Архимед не только перевернул соотношение сил при помощи посредника, составного блока, но также перевернул политические отношения, предложив царю реальный механизм, который делает одного человека физически сильнее, чем целое множество людей. До того времени правитель репрезентировал массу, официальным представителем которой он был, однако сам он при этом сильнее не становился. Архимед создал для Левиафана другой принцип композиции, трансформируя отношения политической репрезентации в отношение механической пропорции. Если в распоряжении правителя нет геометрии и статики, он должен считаться с теми социальными силами, которые бесконечно его превосходят. Но если к игре политических сил вы добавите техническое приспособление в виде рычага, то сможете стать сильнее, чем множество, вы сможете нападать и защищаться. Не удивительно, что Гиерон «был поражен, осознав все могущество этого искусства [техники]». До сих пор ему не приходило в голову строить политическую власть при помощи составного блока (Latour, 1990а).
Но урок Плутарха еще более глубок. К этому первому моменту, состоящему в том, что благодаря пропорциональному отношению между малым и большим, между уменьшенной моделью и использованием естественного размера Архимед делает силу (физическую) соизмеримой с силой (политической), добавляется второй, еще более важный:
Математическое доказательство остается несоизмеримым с низким ручным трудом, с вульгарной политикой, простым использованием. Архимед — божествен, власть математики — сверхъестественна. Все следы, сочетания, соединения, альянсы уничтожаются. Даже тексты должны исчезнуть, не оставив следа. Первый момент породил неизвестного гибрида, благодаря которому тот, кто был слабее, стал сильнее за счет союза, установленного им между формами политики и законами пропорции. Второй момент очищает и делает несоизмеримыми политику и науку, империю людей и эмпиреи математики (Serres, 1989b).

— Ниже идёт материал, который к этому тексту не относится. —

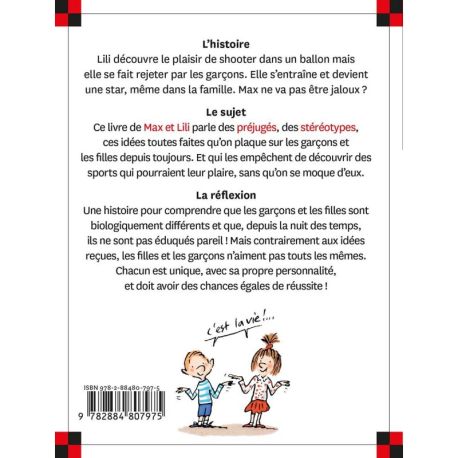 N°120 LILI VEUT JOUER AU FOOT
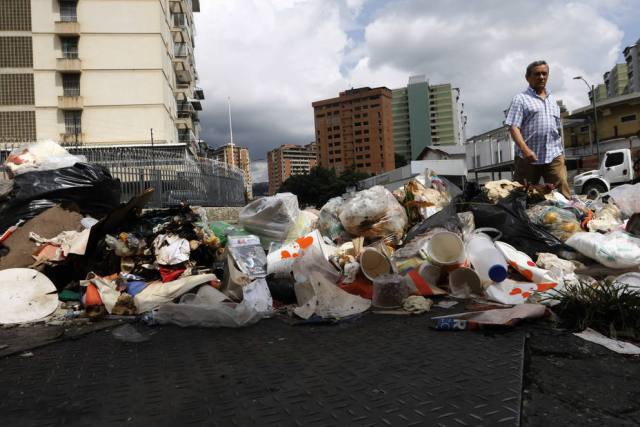 Foto: En zonas del El Paraíso, Bello Monte y El Hatillo denuncian retrasos en la recolección de los desechos / El Universal
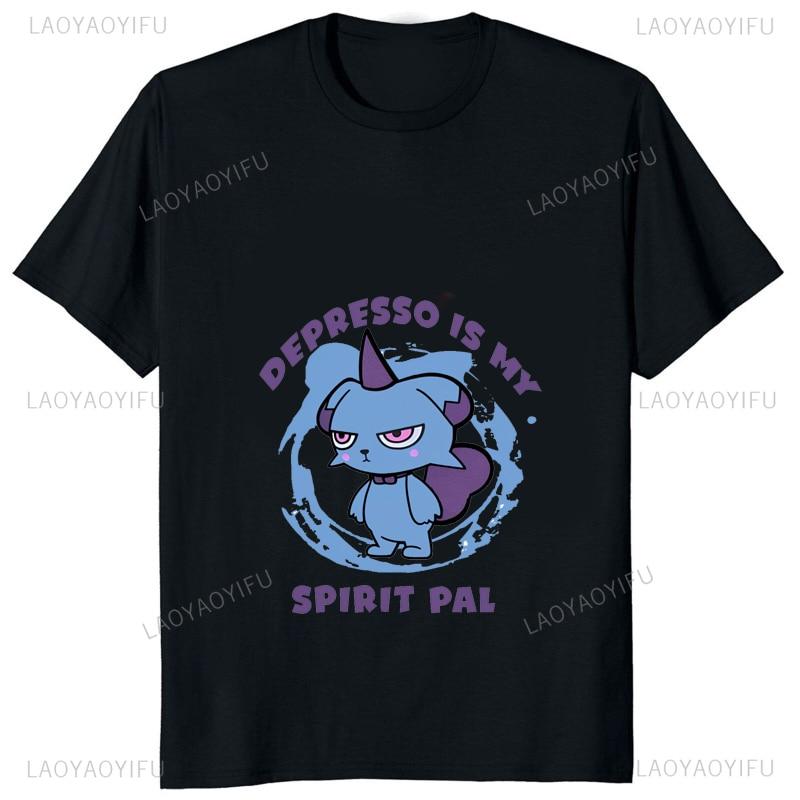 Hot Sale Game Palworld Printed Cartoon T-shirt Casual Fashion Harajuku Women T Shirt Streetwear Hip Hop Comfort Y2k Unisex Tee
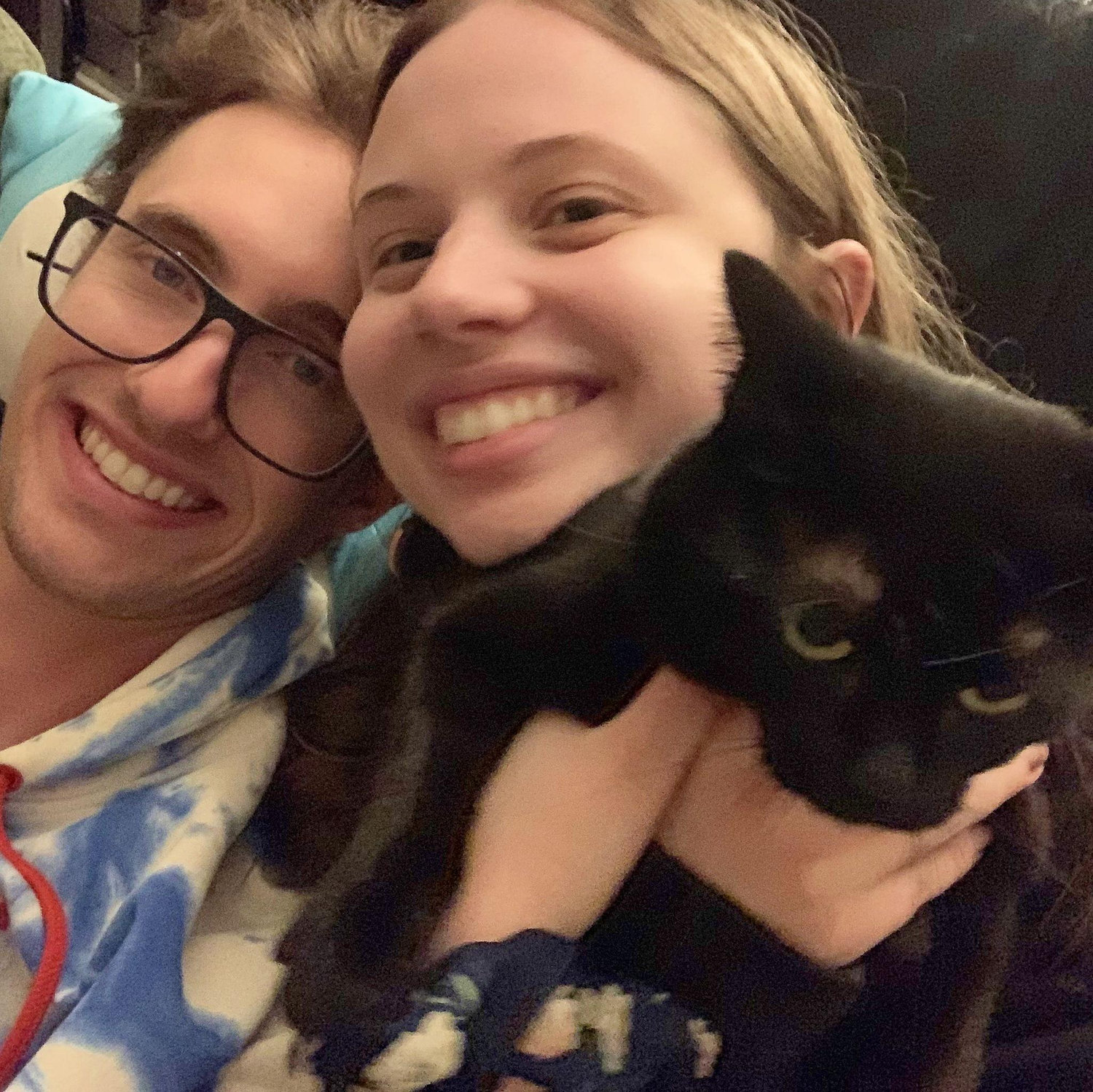 One of the only family pictures we have with our baby Mavis.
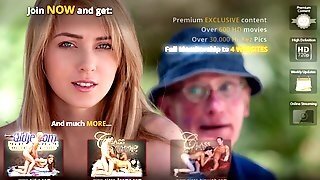 Slutty Sarah Gets Laid With An Old Stranger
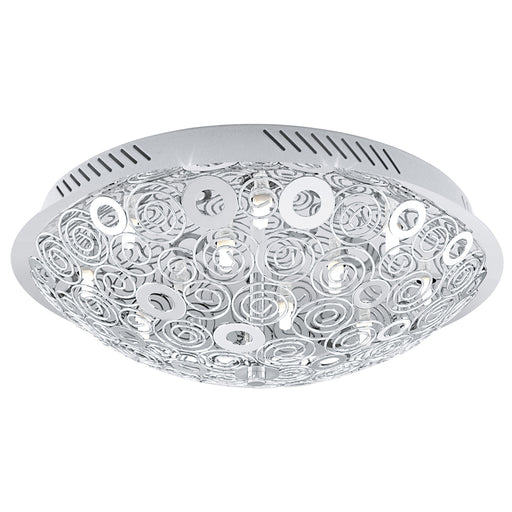 Cromer 12 Light Ceiling Mount Chrome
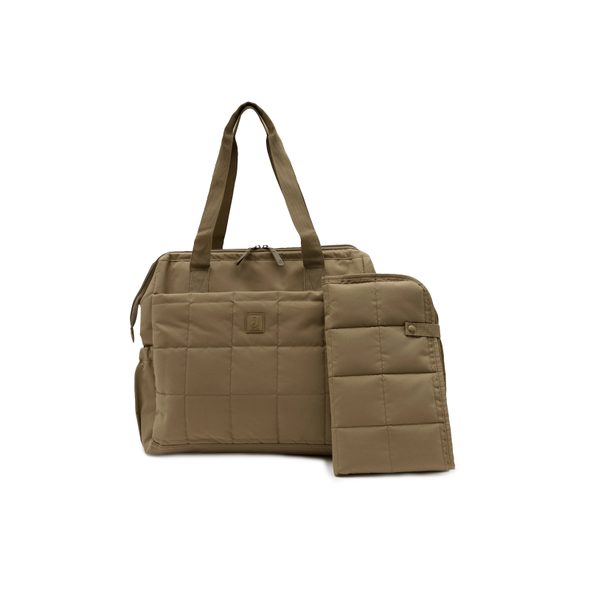 JOLLEIN PŘEBALOVACÍ TAŠKA QUILTED QUINN BRONZE - PŘEBALOVACÍ TAŠKY - KOČÁRKY A PŘÍSLUŠENSTVÍ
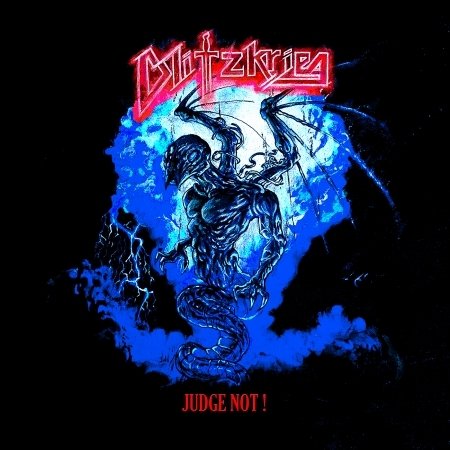 Cover for Blitzkrieg · Judge Not (CD) [Digipak] (2018)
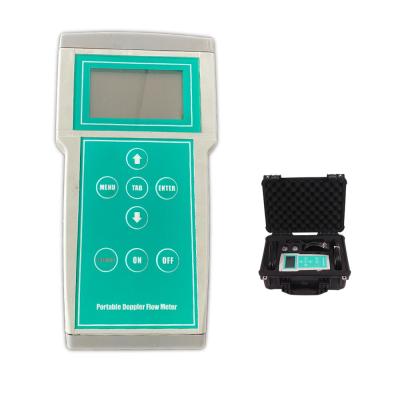 China Doppler Total Flow Dn40-Dn4000 Pipe Ultrasonic Flow Meter For Ground Water for sale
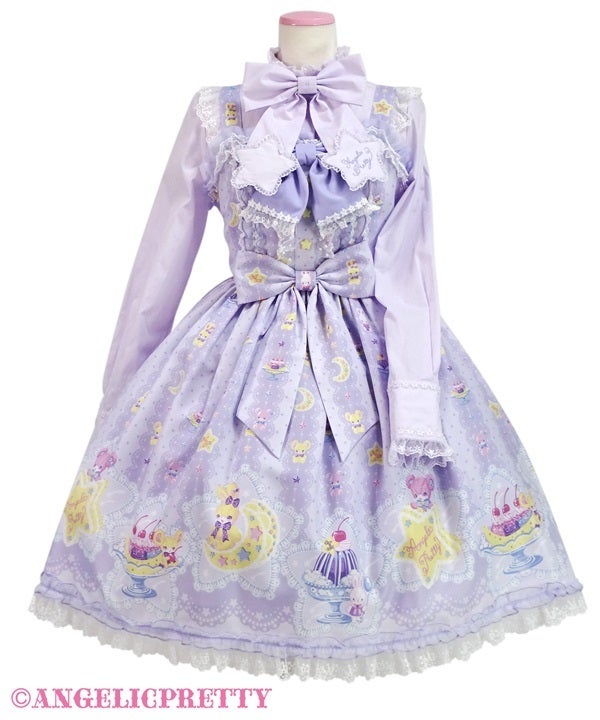 Dreamy Night Cakes JSK Set by Angelic Pretty
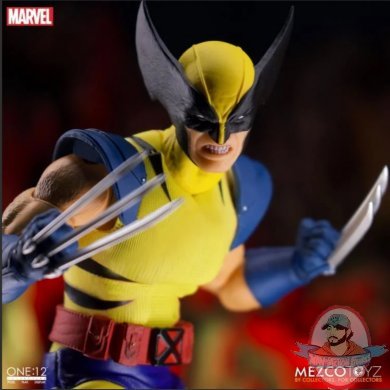 The One:12 Collective Marvel Wolverine Deluxe Steel Box Mezco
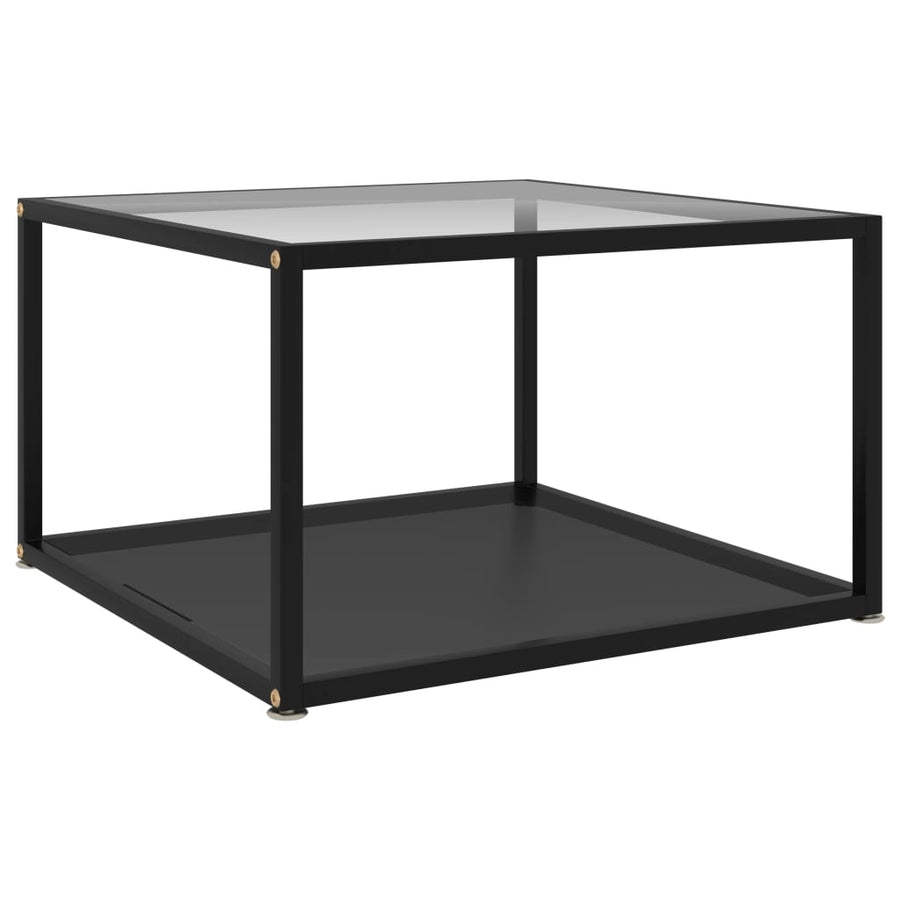 Salontafel Gehard Glas 60 x 60 x 35 cm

Архимедову точку опоры надо искать не в первом моменте, а в соединении двух: как делать политику при помощи новых средств, которые внезапно становятся с ней соизмеримыми, притом, что отрицается любая связь между абсолютно несоизмеримыми видами деятельности? Итог положителен вдвойне: Гиерон защищает Сиракузы при помощи машин благодаря тому, что стали известны способы расчета их размеров, и соответственно возрастает коллектив, хотя исток этого изменения масштаба, этой соизмеримости исчезает навсегда, оставляя эмпиреи наук в качестве ресурса свежих сил, всегда доступных и никогда не видимых воочию. Да, наука — это действительно политика, осуществляемая при помощи других средств, — средств, которые являются мощными только потому, что остаются радикально другими.